By eliminating beams and columns, the use of a slab–wall system in structural engineering has gained traction due to the benefits of increased unobstructed room height and improved construction efficiency. However, the absence of those elements results in shear walls bearing both vertical and horizontal loads, leading possibly to a significant reduction in the seismic performance of the system. In particular, experiments [1,2,3] have identified that the slab–wall joints in the system are the weakest link. Various solutions have been proposed to enhance the system or shear walls alone. Among them, adding concrete-filled steel tubes (CFSTs) in shear wall piers has emerged as an effective means.

Qian [4] proposed a shear wall with CFSTs embedded at the wall boundary, which was found to offer excellent energy dissipation capacity. Fang’s group has studied the effects of various loading conditions on shear walls embedded with CFSTs, including axial compression, axial compression plus bending actions, cyclic loads, shearing, and combined tension-shearing [5,6,7,8,9]. The results show that in CFST-strengthened shear walls, the steel tubes provide a confinement effect that significantly improves the strength of the shear walls. Furthermore, the embedded CFSTs can delay local failures of the wall by increasing its vertical load-bearing capacity, thus creating a shear wall with higher rigidity and good ductility. Ji and his collaborators [10] developed a numerical-simulation model of high-strength CFST-strengthened shear walls to examine their behavior when subjected to high axial force and lateral cyclic loading. The results indicate that the walls’ flexural strength increases with the increasing ratio of the cross-sectional area of embedded tubes. Notably, the type of embedded tubes, whether empty or concrete-filled, did not affect the walls’ strength. Wu [11] proposed a precast composite shear wall with steel tubes embedded at the wall boundary, and found this new kind of component can be applied in a precast building to improve its structural performance. Similarly, Zhou et al. [12] designed a precast concrete-encased CFST composite wall with twin steel-tube connections, and their work resulted in several calculation methods for evaluating the shear strength of the wall. Zhao et al. [13] had been studied on a shaking table testing of a 1/8-scale five-story slab–wall structure equipped with CFSTs in walls. Findings indicated that the application of CFSTs was instrumental in resisting the simulated earthquake loads acting upon it, hence the global response limits required by codes of practice were met. Nevertheless, the junctions between the shear walls and floor slabs were found to be the weakest links in the whole system. Consequently, it suggested designers should use proper detailing in those regions to prevent local distress.

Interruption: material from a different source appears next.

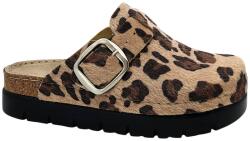 Doss Saboti medicali Doss 614 animal print - dama (11468)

These studies indicate that incorporating CFSTs into slab–wall structures has the potential to enhance their seismic performance. However, because the double-layer bidirectional steel bars in the slab are difficult to pass through the steel tubes equidistantly arranged in the shear wall, the steel bars are bent or directly penetrate by drilling holes to make them pass through the steel tubes in the relevant research. Such a method will affect the material properties of steel bars and steel tube at the joint, making it unable to fully play its role.

It can be seen that the use of CFST in a slab–wall system has been limited due to the complexity of the slab-to-shear wall piers connections and the blank of design of anchorage detailing. In addition, there is still a lack of information on CFST connections embedded in wall piers under cyclic loading. Therefore, developing a practical connection to overcome these challenges is crucial.

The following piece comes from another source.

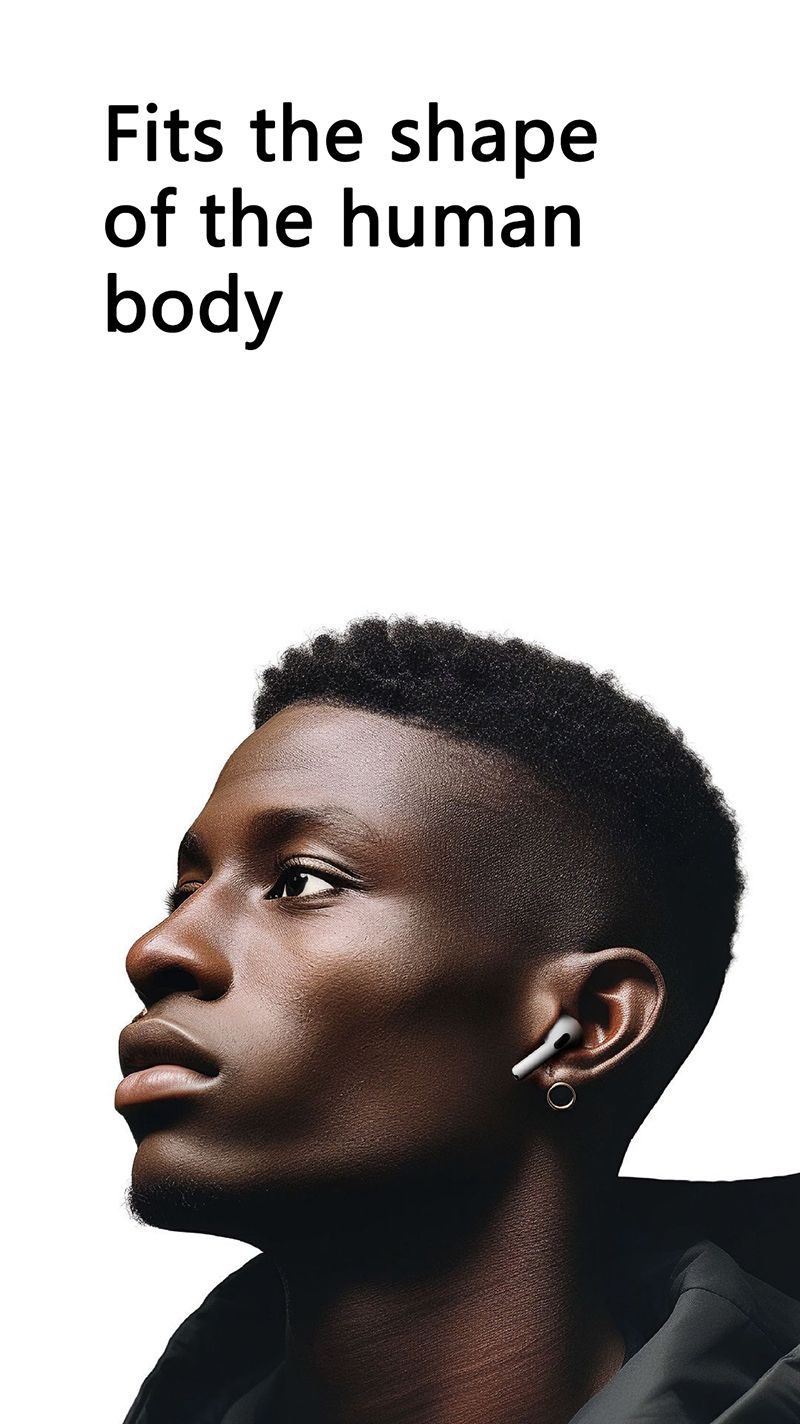 A4 Pro TWS Wireless Bluetooth Earphones Headphones Mini Earpone Headset For PC Android&IOS iPhone Earbuds Accessories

To address these issues, the purpose of the study is to design no-through-tube anchorage detailing for steel bars in slabs that intersect with CFST-strengthened structural walls, and investigate the influence of using this different anchoring detailing in slab–wall joints on strength, ductility, stiffness, and energy dissipation. A higher grade of concrete is used inside the steel tube than the slab to prevent it from failing prematurely due to hooping effect.

It is believed that the outcomes of this work will contribute to the understanding of the overall seismic performance of the slab–wall systems concerned, and, ultimately, promote the application of the highly ductile wall components embedded with CFSTs in the future work.

2. Experimental Program

2.1. Specimen Design

A 3D view of this structure is displayed in Figure 1. The prototype structure has five stories with a total height of 30 m, 6 m high for each story. Figure 2 shows the plan layout of a typical floor of the prototype structure adopted in the joint design and test in this paper. All of the floor slabs are of the same thickness, 150 mm, and have the role of coupling all the wall piers with specially-shaped cross sections (‘L’ or ‘T’).

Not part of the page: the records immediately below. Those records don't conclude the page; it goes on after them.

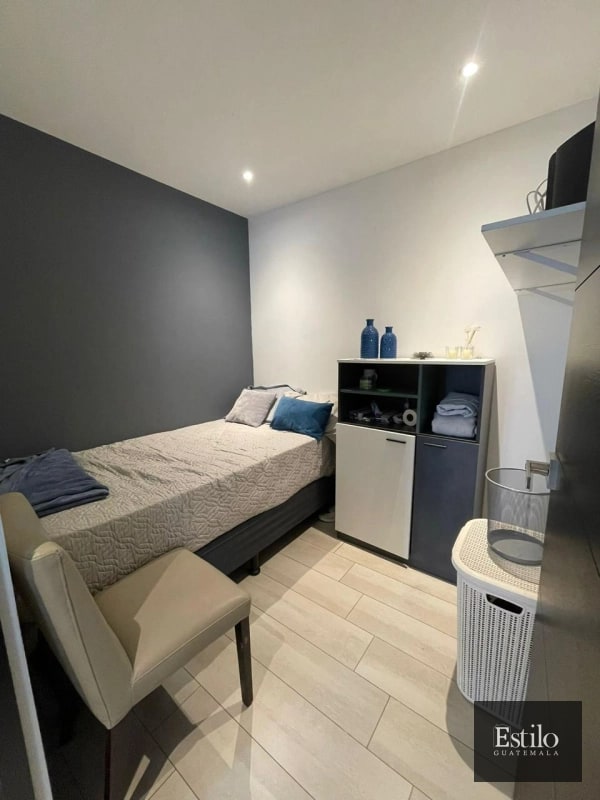 APARTAMENTO EN VENTA ZONA 15 - 9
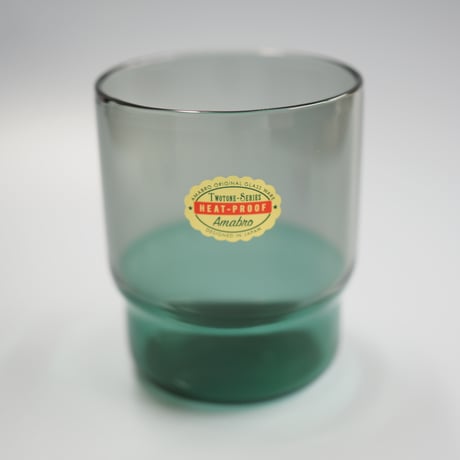 TWO TONE STACKING CUP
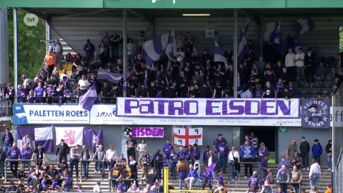 Patro Eisden stap dichter bij 1A na winst bij Lokeren-Temse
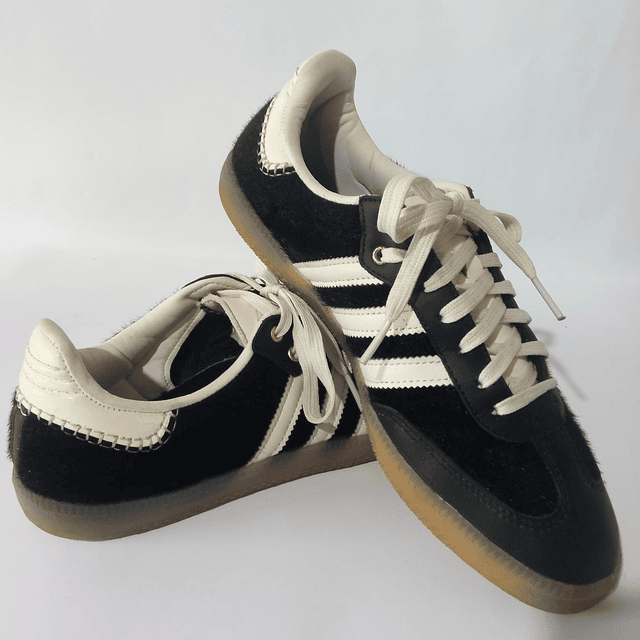 Adidas Samba Wales Boner , 39 2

Two types of no-through-tube anchorage detailing are purposed in this paper. The first method is the anchoring ring (AR) detailing, shown in Figure 3a,b, which involves placing two layers of steel anchoring rings around a steel tube embedded in the shear wall. The steel bars in the floor slab that are obstructed by the tube are bent into a U-shape, interlocking with the rings to transfer the force between the slab and the tube. The second method is the direct anchoring (DA) detailing, as shown in Figure 3c,d, which removes the floor slab’s steel bars that are blocked by the tube, allowing the remaining bars to bypass the tube. These orthogonal direct anchoring bars are placed to surround the steel tube.

In order to investigate the seismic performance of the AR and DA anchorage detailing methods, cyclic-loading experiments were carried out on four subassemblies of I- and T-shaped slab–walls reinforced with CFSTs. The findings showed that the incorporation of these anchorage methods allowed for effective transmission of bending moments in the floor slab of the CFST-strengthened structure, resulting in the formation of plastic hinges under cyclic loading. This research is anticipated to aid in the adoption of CFST-strengthened slab–wall structures and contribute to the creation of a highly ductile structural system.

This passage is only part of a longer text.